A última volta do parafuso encravado na instância legislativa conhecida como Câmara Alta, também em flagrante uso inapropriado do significado real da expressão eufemismo, foi dada (haverá outras?) pela diretoria-geral ao convalidar na quarta-feira a cambulhada de 45 atos secretos. No mesmo dia, o presidente da instituição, senador José Sarney (PMDB-AP), foi isentado pelo Conselho de Ética e Decoro Parlamentar das denúncias e representações que pediam a abertura de processos investigatórios sobre uma série de desvios administrativos, dentre os quais avultavam indícios de nepotismo, favorecimento e corrupção.
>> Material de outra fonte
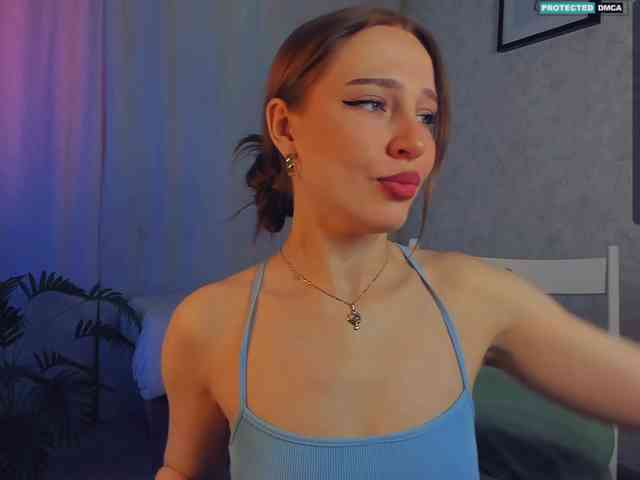 ZopaMARMELADNA webcam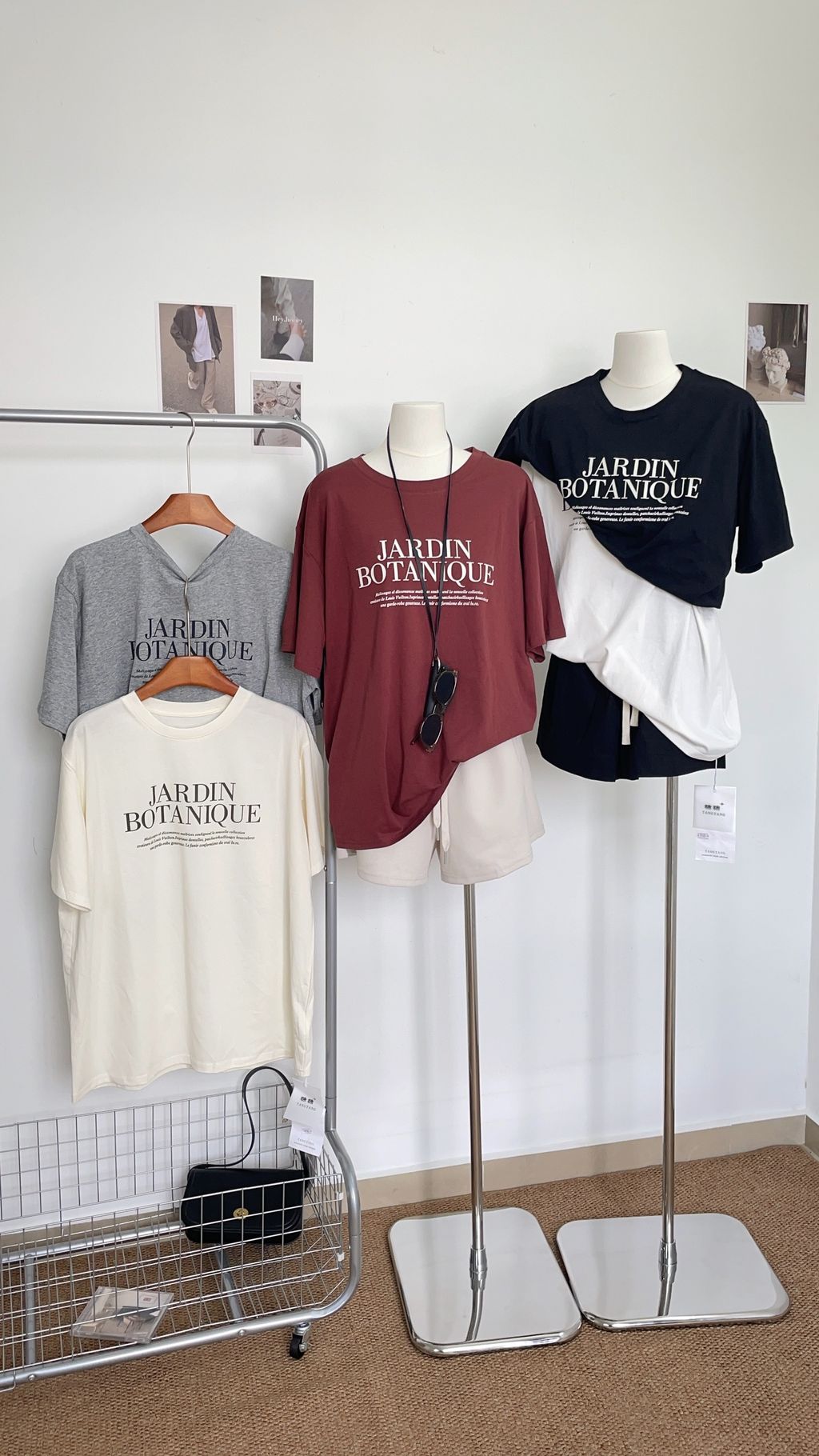 image_D7DEDDC8-1A19-4AAE-955E-6B7F700175CB_1772179357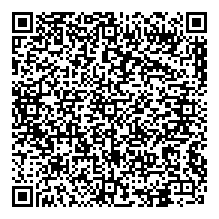 QR قانون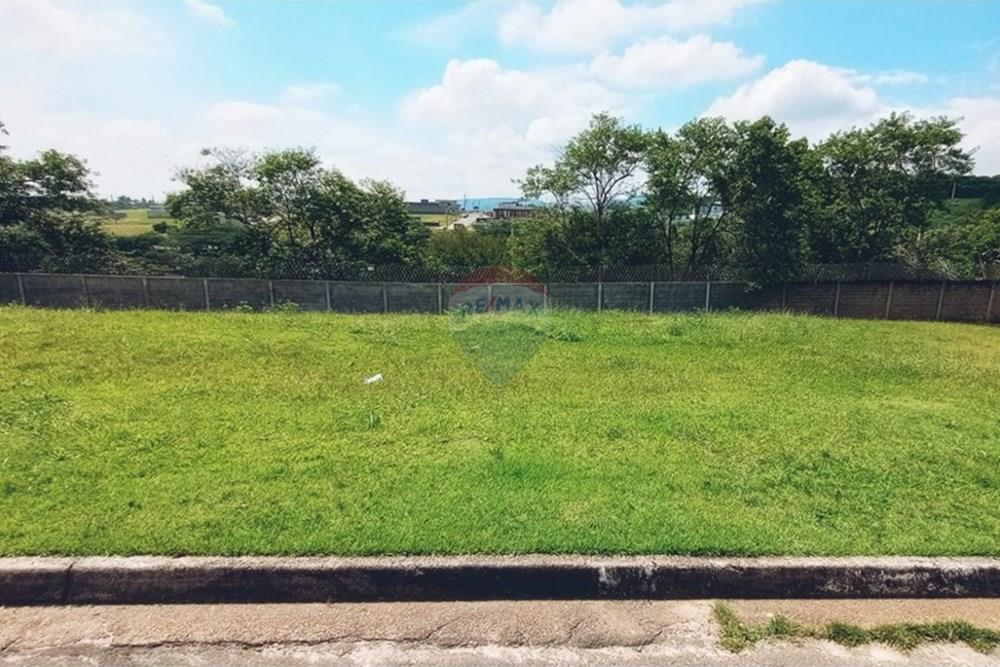 Terreno - Venda - Itupeva , São Paulo - ec13.jpg - 630531004-70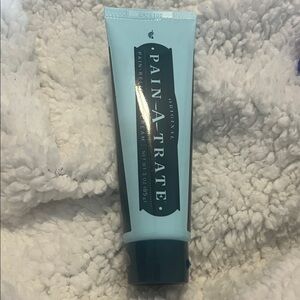 Pain-A-Trate Original Pain Relief Cream - Blue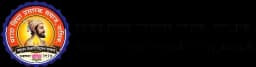 maratha-samajh client logo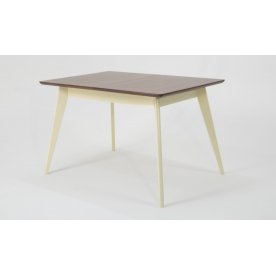 Обеденная группа Сканди Ингольф 120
Dentre os atos secretos agora emoldurados pelo reconhecimento oficial destacam-se os boletins de nomeação de Maria do Carmo de Castro Macieira, sobrinha do presidente do Senado, Nathalie Rondeau, filha de protegido político de Sarney, e Alba Leite Nunes Lima, casada com Chiquinho Escórcio, conhecido integrante da milícia pessoal do patriarca das sesmarias do Maranhão e Amapá. A justificativa usada para manter as respectivas pessoas nos empregos é capaz de fazer corar um frade de pedra, além de render homenagens aos milhões de patrícios reduzidos à categoria de desempregados nos glaciais informes do Instituto Brasileiro de Geografia e Estatística (IBGE), ou do Cadastro Geral de Empregados e Desempregados (Caged), do insuspeito Ministério do Trabalho. Em amparo aos nomeados por atos secretos, proclama a administração do Senado que eles jamais deixaram de prestar os serviços pelos quais foram remunerados. São parentes próximos e apadrinhados, mas não fantasmas!
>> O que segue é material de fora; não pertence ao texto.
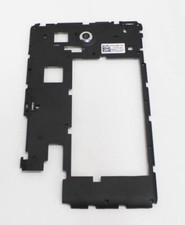 Quadro de capa traseira 2GW8V Dell Venue 8 3830 "GRAU A" comprar usado  Enviando para Brazil
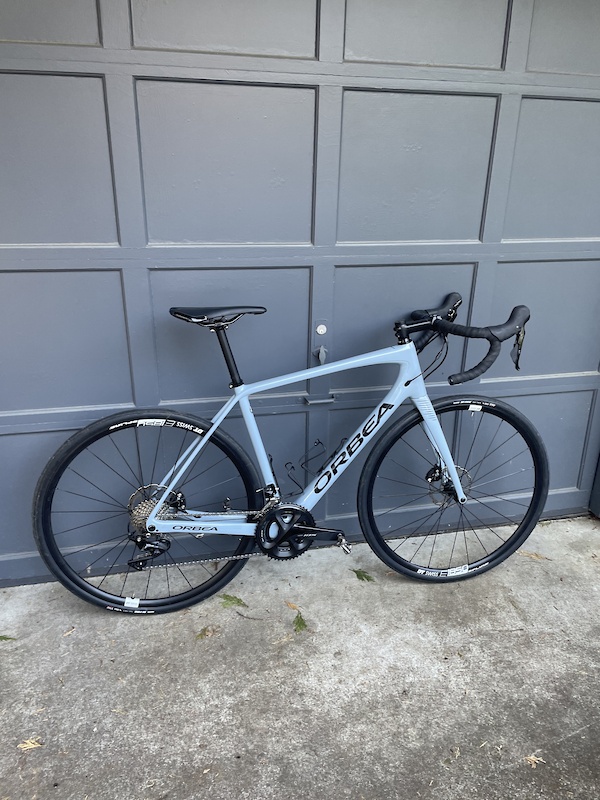 2016 trek fuel ex 9 29
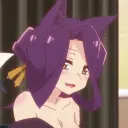 Suzuno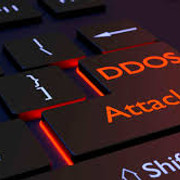 [Image: ddos.jpg]
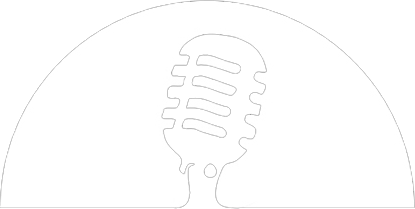 MusiCaribe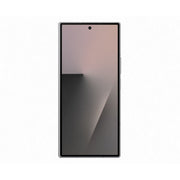 Samsung Z Fold 7 12GB 512GB - Farmacias Arrocha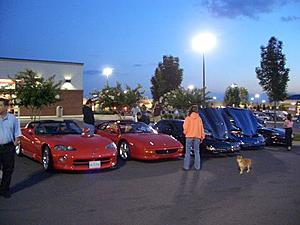 Rockville Car Shows... NEEDS more LANCERS-cross3.jpg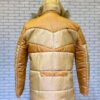 Pelle Pelle Pinnacle Coat scaled 1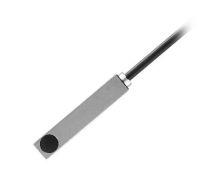 Magnetsensor MEM-Q05PS/M03-K2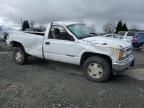 1997 GMC Sierra K1500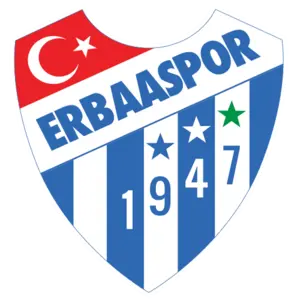 Erbaaspor S
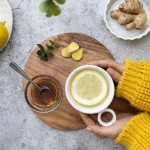 Soulager un rhume naturellement : méthodes qui marchent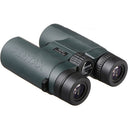 Pentax ZD 10x43 WP Binoculars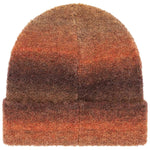 Imagen del producto con referencia ELYHA00239-CMW0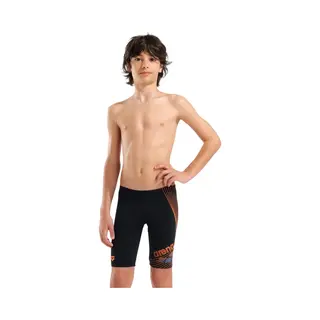 Arena Sportzwembroek Jongens - Maat 164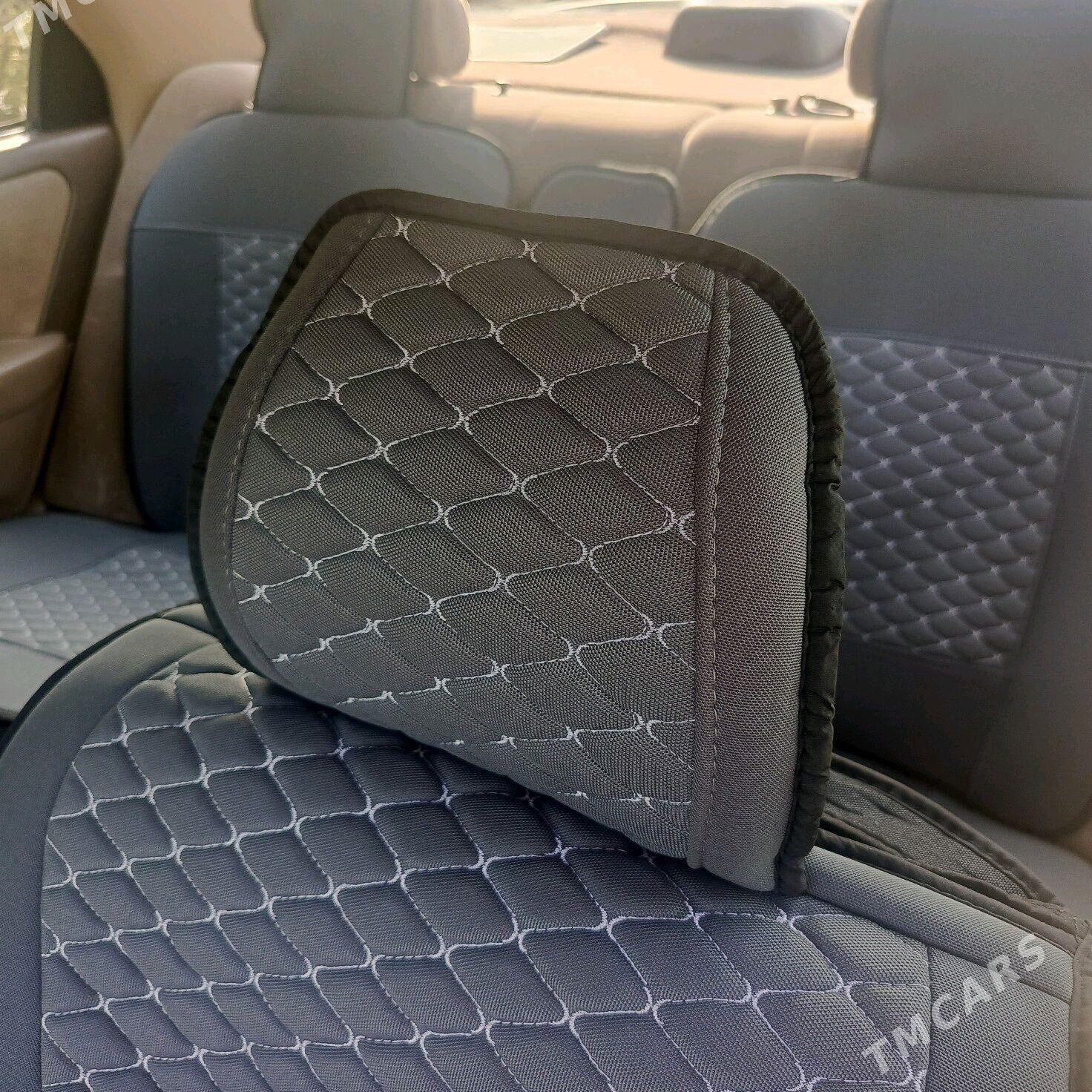 Toyota Camry 1998 - 130 000 TMT - Köneürgenç - img 6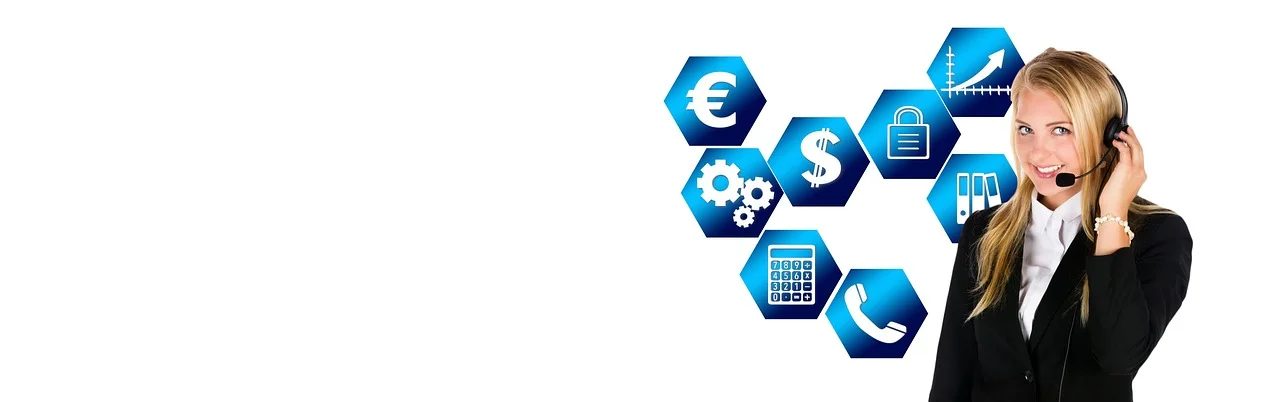 Baza klientów, e‑mail i call center — jak voice bot zwiększa efektywność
Ora, até o Conselheiro Acácio estaria obrigado a exigir explicação tanto mais plausível e correta que o sórdido argumento lançado com o costumeiro acinte no rosto dos contribuintes. Se os tais servidores são capazes de prestar os serviços deles requeridos, qual a razão de nomeá-los mediante o ignóbil expediente do ato sigiloso? Por que embuçá-los nas sombras de um sistema burocrático idealizado com a precisão de relojoeiro suíço, ao que tudo indica em cega obediência à voracidade inesgotável dos predadores do recurso público? Ou seria, pura e simplesmente, a fórmula insolente de rotular como extemporânea e sem validade a súmula aprovada pelo Supremo Tribunal Federal (STF), expungindo do serviço público o legado papista do nepotismo?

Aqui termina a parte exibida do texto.